### Work item
What are the lines below, starting at the line containing "Men's Wide-Leg Stretch" and ending at the line containing "as Chandler Bing"? Write them out exactly, ends included, without pictures.

### Input records
━━━━

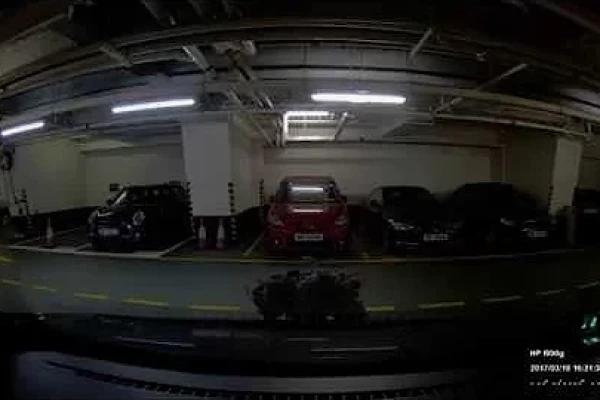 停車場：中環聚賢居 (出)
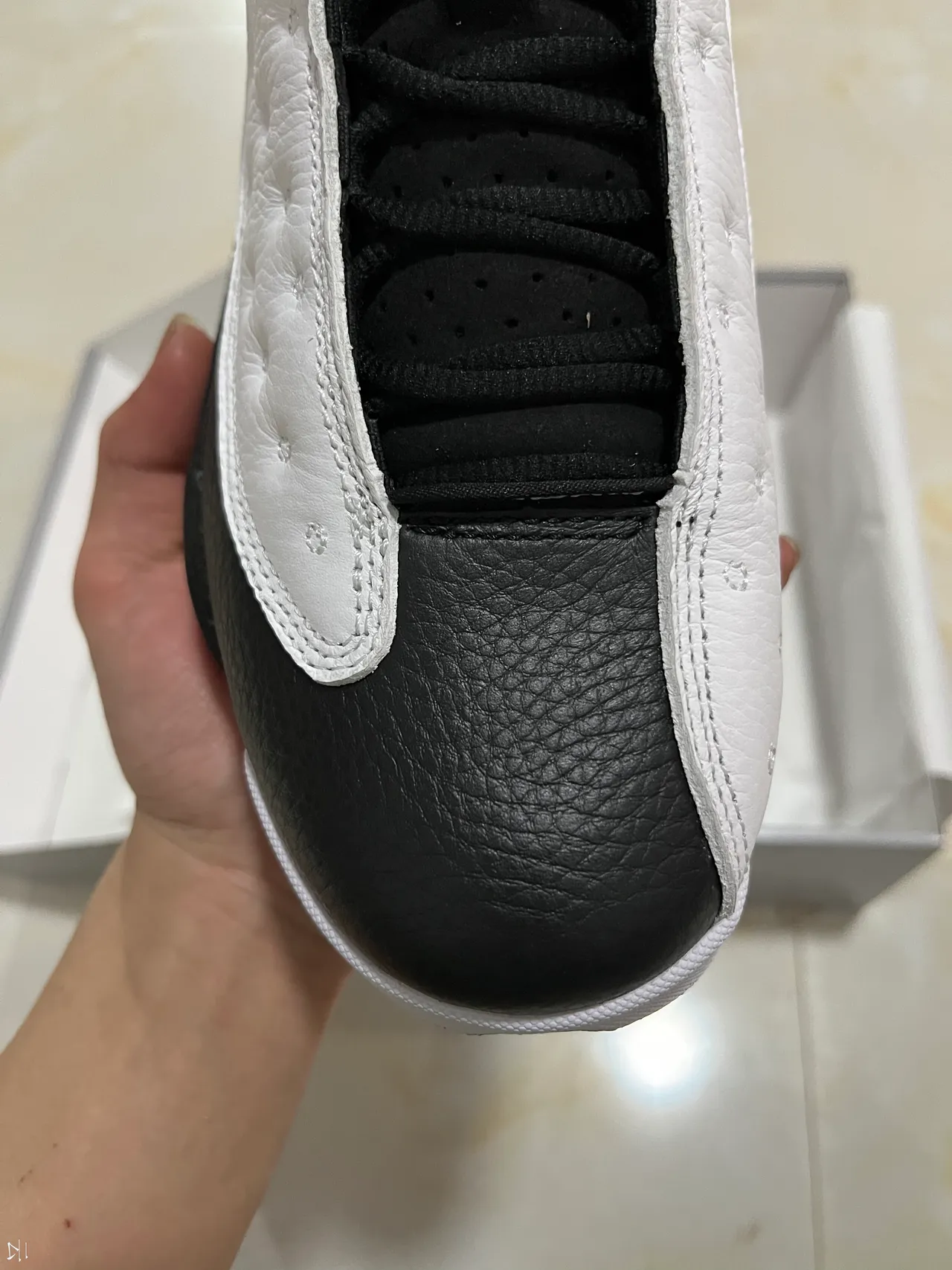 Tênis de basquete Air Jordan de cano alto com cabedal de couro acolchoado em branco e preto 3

━━━━

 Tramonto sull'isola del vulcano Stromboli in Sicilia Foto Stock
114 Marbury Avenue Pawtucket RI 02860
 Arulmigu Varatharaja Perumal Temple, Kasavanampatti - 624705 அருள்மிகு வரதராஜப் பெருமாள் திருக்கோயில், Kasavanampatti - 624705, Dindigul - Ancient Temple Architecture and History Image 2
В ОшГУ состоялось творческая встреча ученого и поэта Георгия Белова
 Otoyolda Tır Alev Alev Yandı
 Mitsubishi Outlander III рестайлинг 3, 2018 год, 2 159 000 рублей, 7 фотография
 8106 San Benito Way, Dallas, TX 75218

━━━━

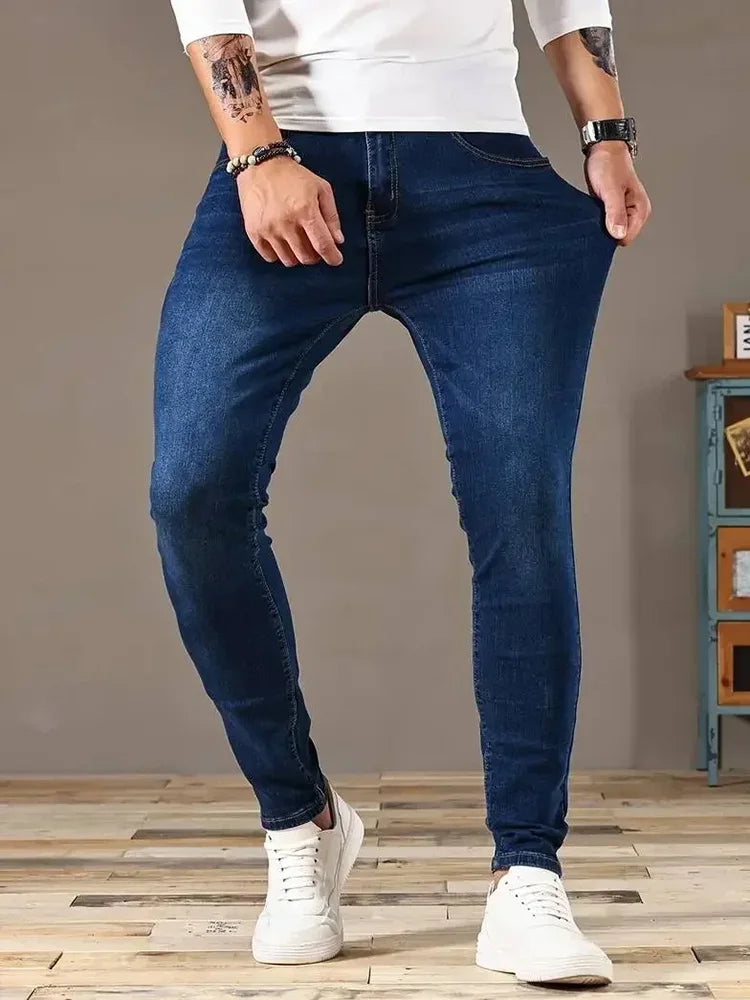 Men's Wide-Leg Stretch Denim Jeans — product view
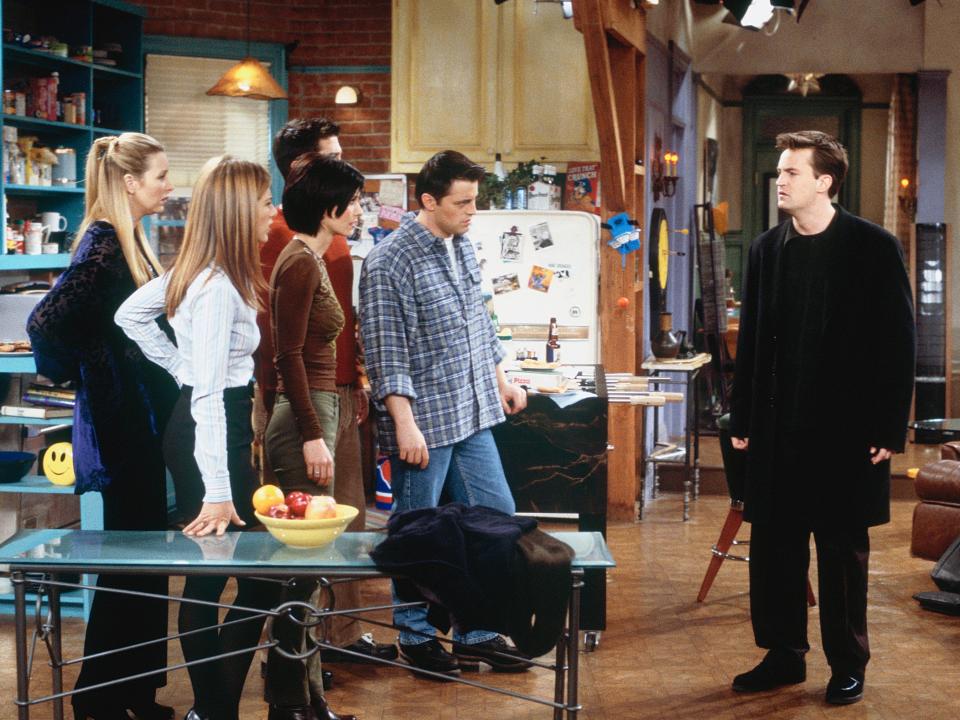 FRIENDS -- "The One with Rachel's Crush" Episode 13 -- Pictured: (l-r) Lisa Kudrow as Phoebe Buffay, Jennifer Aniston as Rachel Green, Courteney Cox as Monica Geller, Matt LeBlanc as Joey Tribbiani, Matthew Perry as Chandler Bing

━━━━

### Task response
 Men's Wide-Leg Stretch Denim Jeans — product view
 FRIENDS -- "The One with Rachel's Crush" Episode 13 -- Pictured: (l-r) Lisa Kudrow as Phoebe Buffay, Jennifer Aniston as Rachel Green, Courteney Cox as Monica Geller, Matt LeBlanc as Joey Tribbiani, Matthew Perry as Chandler Bing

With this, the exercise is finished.